PROBLEM TO SOLVE
Only the lines from the one containing "Building Photo - 1067 W 83rd St" through the end of the entries are to be copied, exactly and without pictures, please.
**** THE RECORDS ****
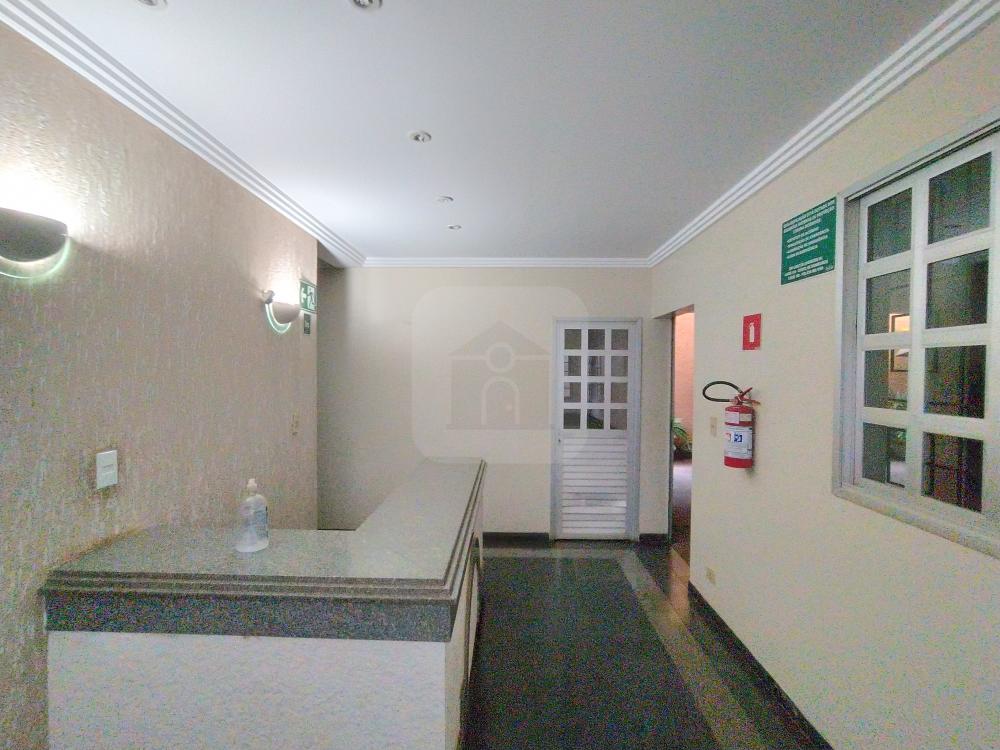 Alugar Apartamento / Padr&atilde;o em Uberl&acirc;ndia R$ 1.500,00 - Foto 5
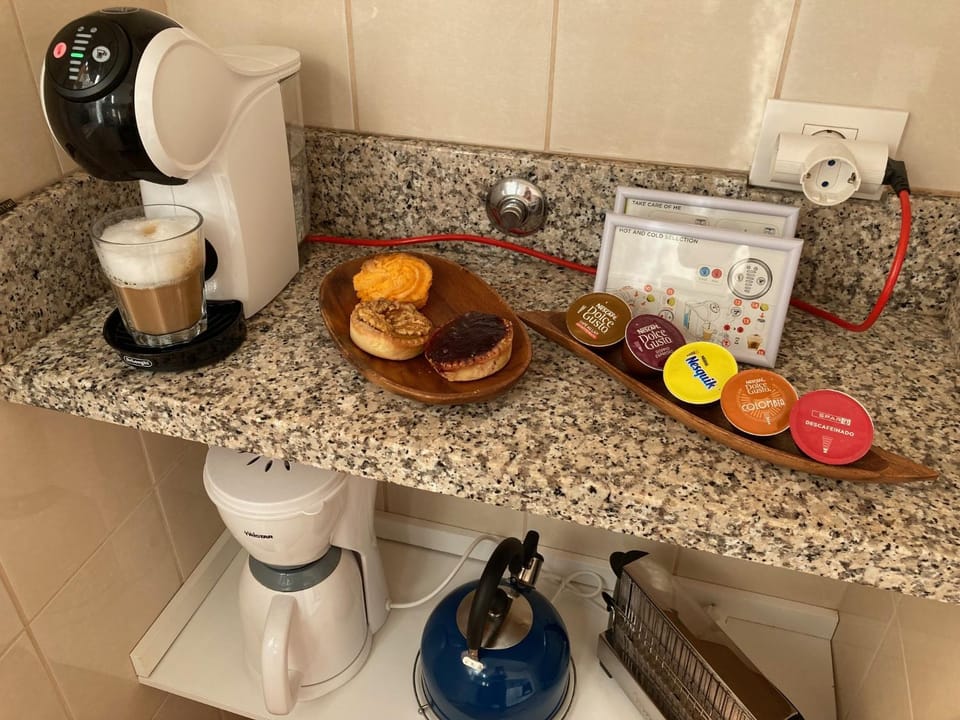 Coffee/tea facilities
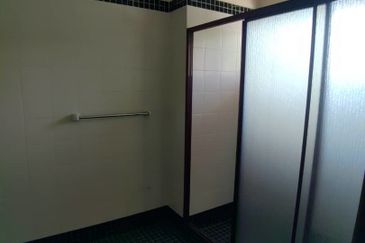 Bukit Merah Laketown Resort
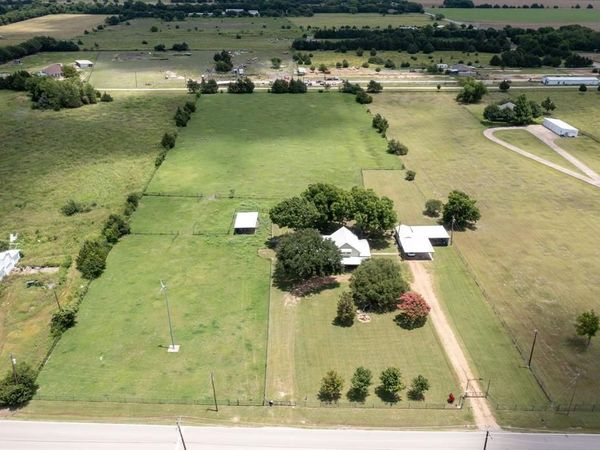330 S Goode Road, Wilmer, TX 75172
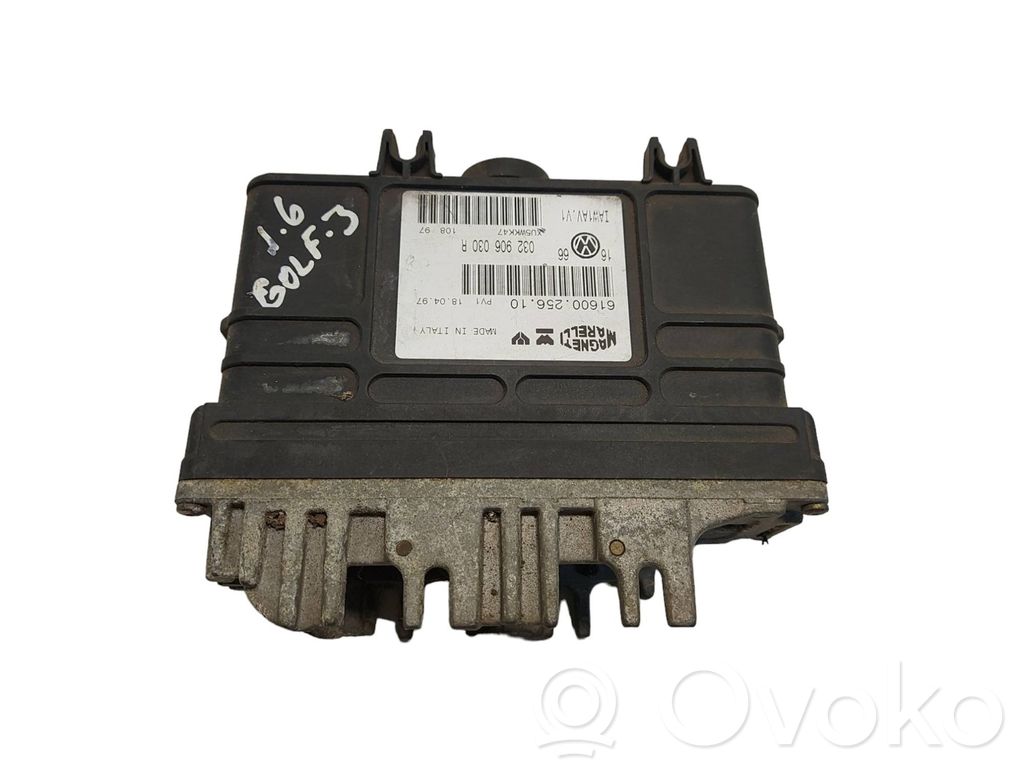 Volkswagen Golf III Engine control unit/module 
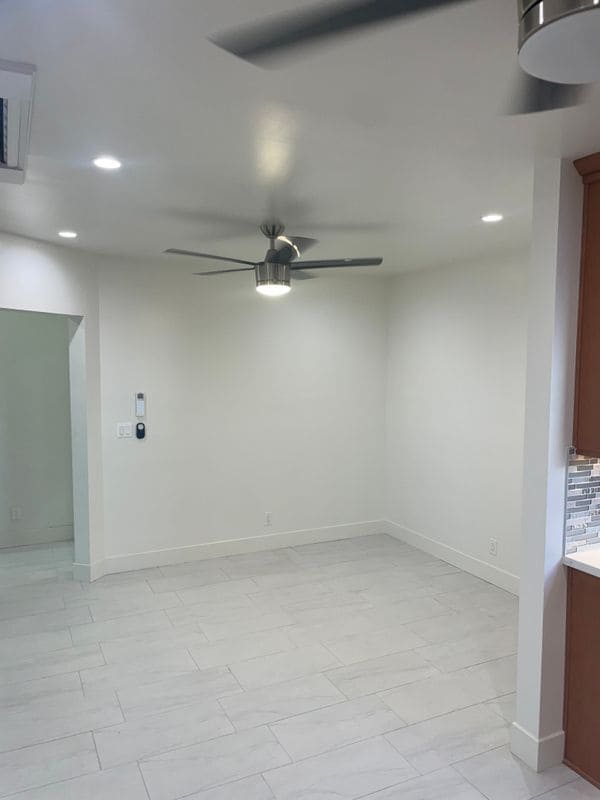 Building Photo - 1067 W 83rd St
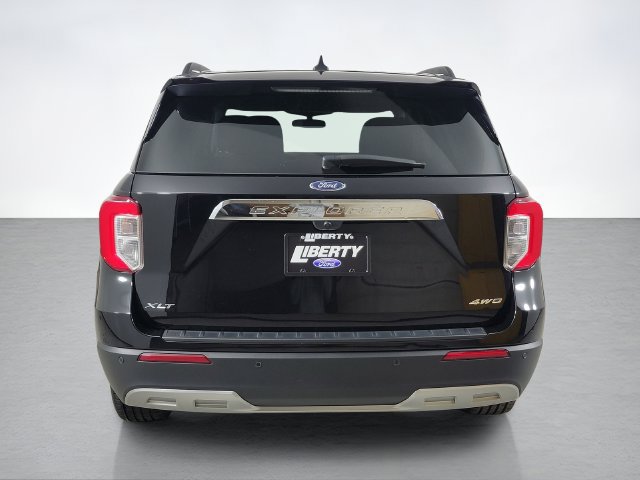 Certified 2023 Ford Explorer XLT w/ Equipment Group 202A AWD/4WD image 4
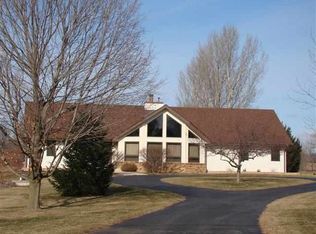 1734 Valley View Rd, Belvidere, IL 61008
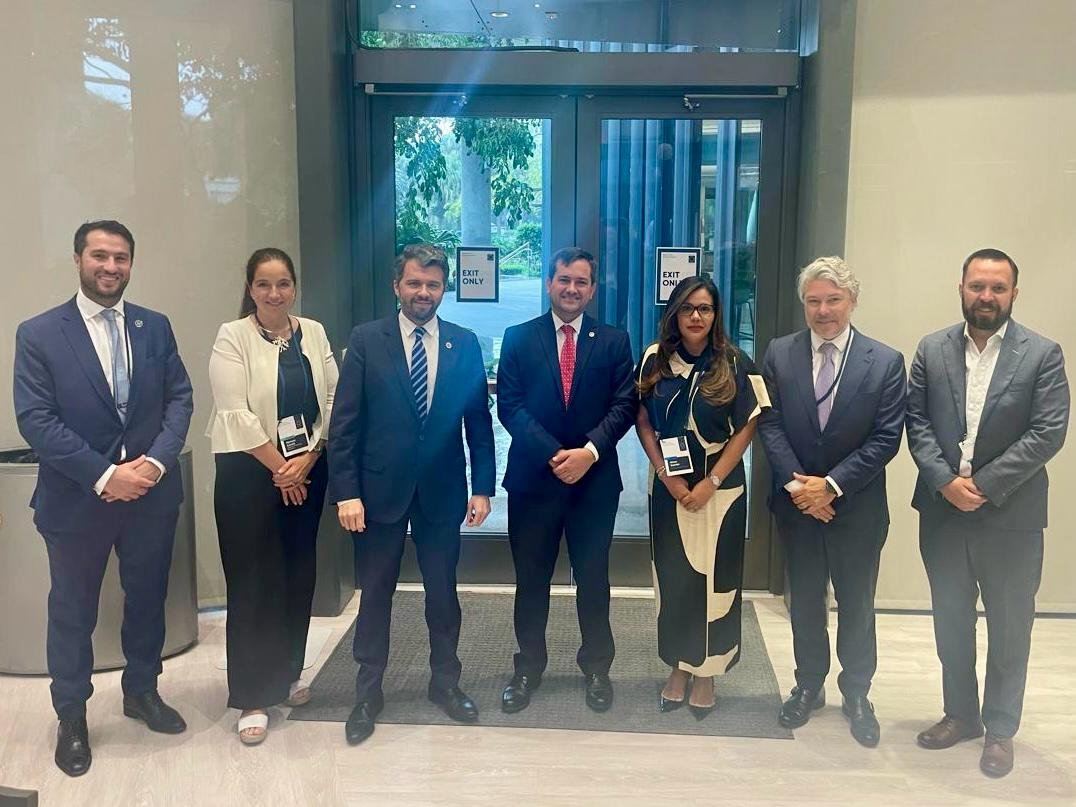 Durante @ConcordiaSummit Américas 2024, organizamos el panel de discusión sobre Innovación en la Lucha Contra el #LavadoDeDinero: Combatiendo la Corrupción y la Delincuencia Transnacional en Las #Américas, celebrado en @univmiami 🌎 #OEA #OEA_DDOT #ConcordiaSummit #Concordia24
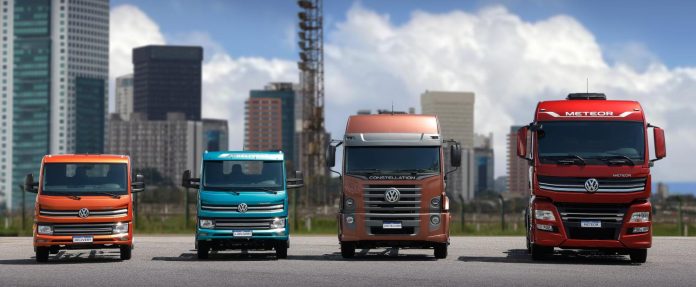 Nesta terça (27), a Volkswagen Caminhões e Ônibus (VWCO) apresentou a nova linha de caminhões 2023. A empresa iniciou a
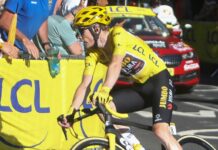 Alla Vuelta Vingegaard svetta sul Tourmalet, Kuss resta leader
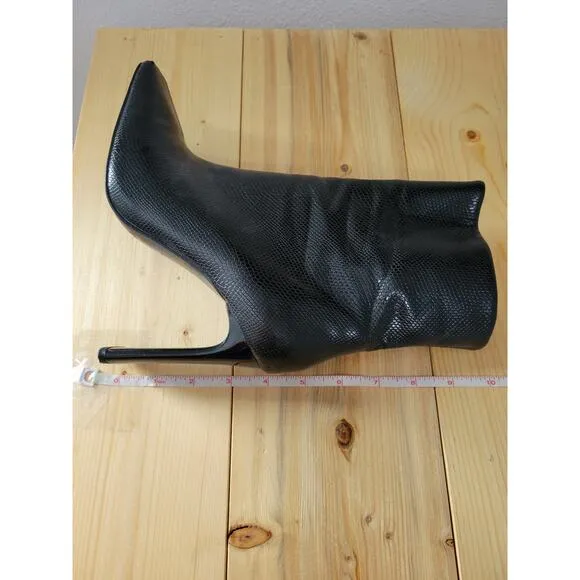 Zara Black Leather Snake Print Embossed Square Toe Heeled Zip Up Boots Size 6.5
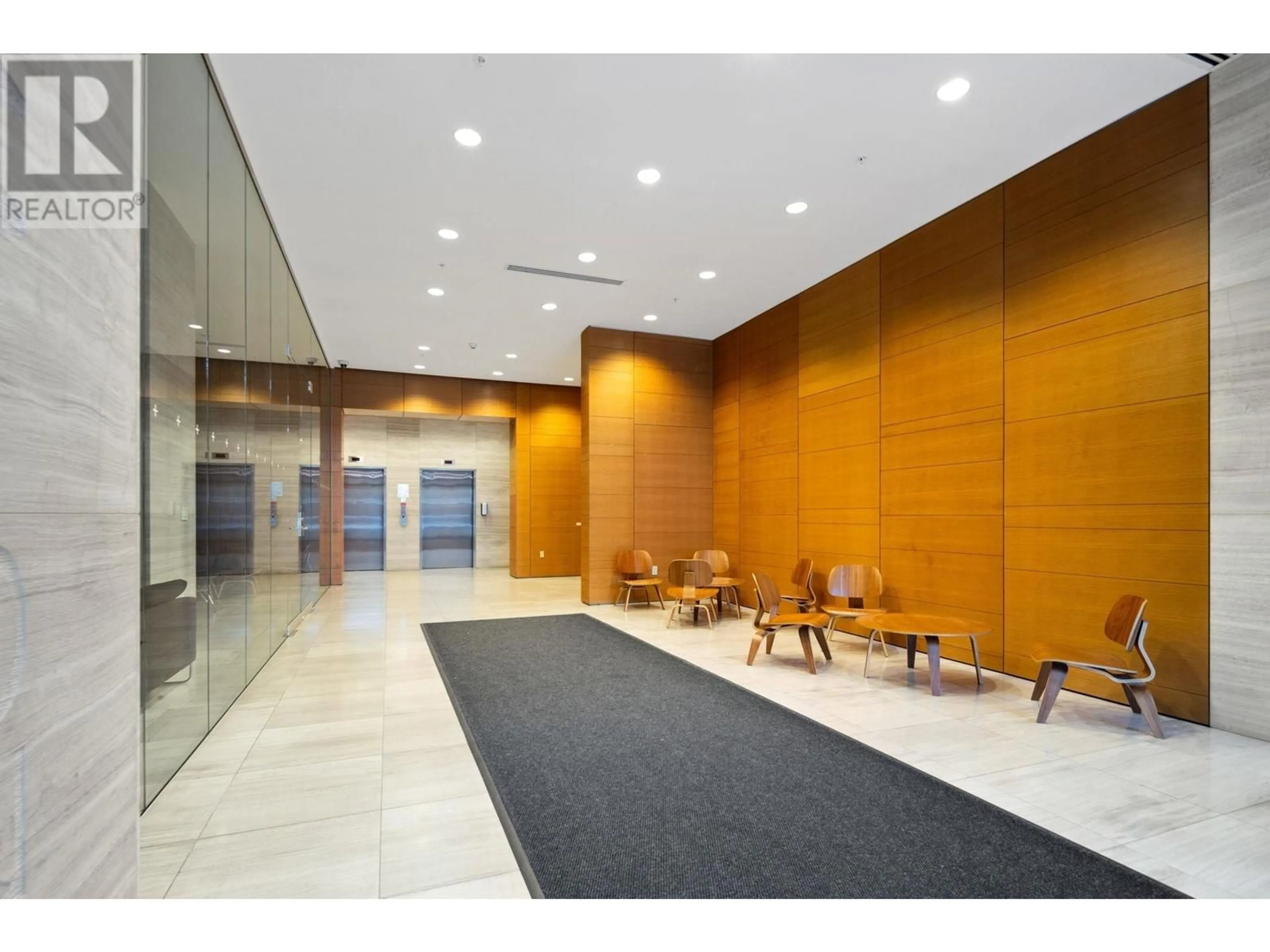 Indoor foyer for 905 - 728 8TH AVENUE, Vancouver British Columbia V5Z0B8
****
WORKED SOLUTION
 Building Photo - 1067 W 83rd St
 Certified 2023 Ford Explorer XLT w/ Equipment Group 202A AWD/4WD image 4
 1734 Valley View Rd, Belvidere, IL 61008
 Durante @ConcordiaSummit Américas 2024, organizamos el panel de discusión sobre Innovación en la Lucha Contra el #LavadoDeDinero: Combatiendo la Corrupción y la Delincuencia Transnacional en Las #Américas, celebrado en @univmiami 🌎 #OEA #OEA_DDOT #ConcordiaSummit #Concordia24
 Nesta terça (27), a Volkswagen Caminhões e Ônibus (VWCO) apresentou a nova linha de caminhões 2023. A empresa iniciou a
 Alla Vuelta Vingegaard svetta sul Tourmalet, Kuss resta leader
 Zara Black Leather Snake Print Embossed Square Toe Heeled Zip Up Boots Size 6.5
 Indoor foyer for 905 - 728 8TH AVENUE, Vancouver British Columbia V5Z0B8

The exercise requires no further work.